Perlez' contention that she is powerless against the stenographers is thoroughly misplaced. Administrative Circular No. 21-90 of this Court mandates that:
"1. Clerks of Court and stenographers are enjoined to faithfully comply with Rule 136, Section 17, paragraph 1 of the Rules of Court, which is quoted thereunder:

Section 17. Stenographers. - It shall be the duty of the stenographer who has attended a session of court in the morning or in the afternoon, to deliver to the Clerk of Court, immediately at the close of such morning or afternoon session, all the notes he has taken, to be attached to the record of the case, and it shall likewise be the duty of the Clerk of Court to demand that the stenographers comply with said duty. The Clerk of Court shall stamp the date on which notes are received by him. When such notes are transcribed, the transcript shall be delivered to the Clerk of Court duly initialed on each page thereof, to be attached to the records of the case.

2 (a) All the stenographers are required to transcribe all stenographic notes and to attach the transcripts to the record of the case not later than twenty (20) days from the time the notes are taken. The attaching may be done by putting all said transcripts in a separate folder or envelope, which will then be joined to the record of the case.

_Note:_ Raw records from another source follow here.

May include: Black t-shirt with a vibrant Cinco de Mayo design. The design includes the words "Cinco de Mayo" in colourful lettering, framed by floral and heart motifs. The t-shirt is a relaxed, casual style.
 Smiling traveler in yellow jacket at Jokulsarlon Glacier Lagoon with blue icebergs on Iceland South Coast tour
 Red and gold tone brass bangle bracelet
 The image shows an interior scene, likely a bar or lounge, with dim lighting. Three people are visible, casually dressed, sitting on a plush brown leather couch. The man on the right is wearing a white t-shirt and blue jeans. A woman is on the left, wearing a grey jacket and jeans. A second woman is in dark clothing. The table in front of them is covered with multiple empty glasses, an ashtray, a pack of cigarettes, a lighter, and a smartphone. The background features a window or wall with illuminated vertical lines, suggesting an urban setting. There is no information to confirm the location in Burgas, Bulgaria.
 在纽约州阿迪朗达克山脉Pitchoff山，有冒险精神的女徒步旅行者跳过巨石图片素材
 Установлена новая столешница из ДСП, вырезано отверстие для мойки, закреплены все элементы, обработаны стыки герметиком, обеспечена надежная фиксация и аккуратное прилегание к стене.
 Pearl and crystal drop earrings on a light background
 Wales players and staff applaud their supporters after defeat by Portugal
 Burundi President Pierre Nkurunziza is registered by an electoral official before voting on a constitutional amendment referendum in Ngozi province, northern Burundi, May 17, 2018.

(b) The stenographer concerned shall accomplish a verified monthly certification as to compliance with this duty. In the absence of such certification, or for failure and/or refusal to submit, his salary shall be withheld."
There is no question that under this circular, Branch Clerk of Court Perlez has the obligation to see that the stenographers under her supervision regularly perform their duties. The circular also provides a penalty for any stenographer who fails or refuses to submit the required verified monthly certifications. When Lancion refused to transcribe her stenographic notes, Perlez should have reported immediately the matter to this court through Judge Aglugub and recommended the withholding of Lancion's salary. This she again failed to do.

The continuous defiance of Clerk of Court Perlez of the directives of Judge Aglugub that she submit the transcripts of stenographic notes of the nineteen (19) cases constitutes Insubordination which under the Civil Service Law and Rules, Book V of Executive Order 292 and Omnibus Rules, is classified as a less grave offense with the penalty of suspension of one (1) month and one (1) day to six (6) months, for the first offense and dismissal for the second offense.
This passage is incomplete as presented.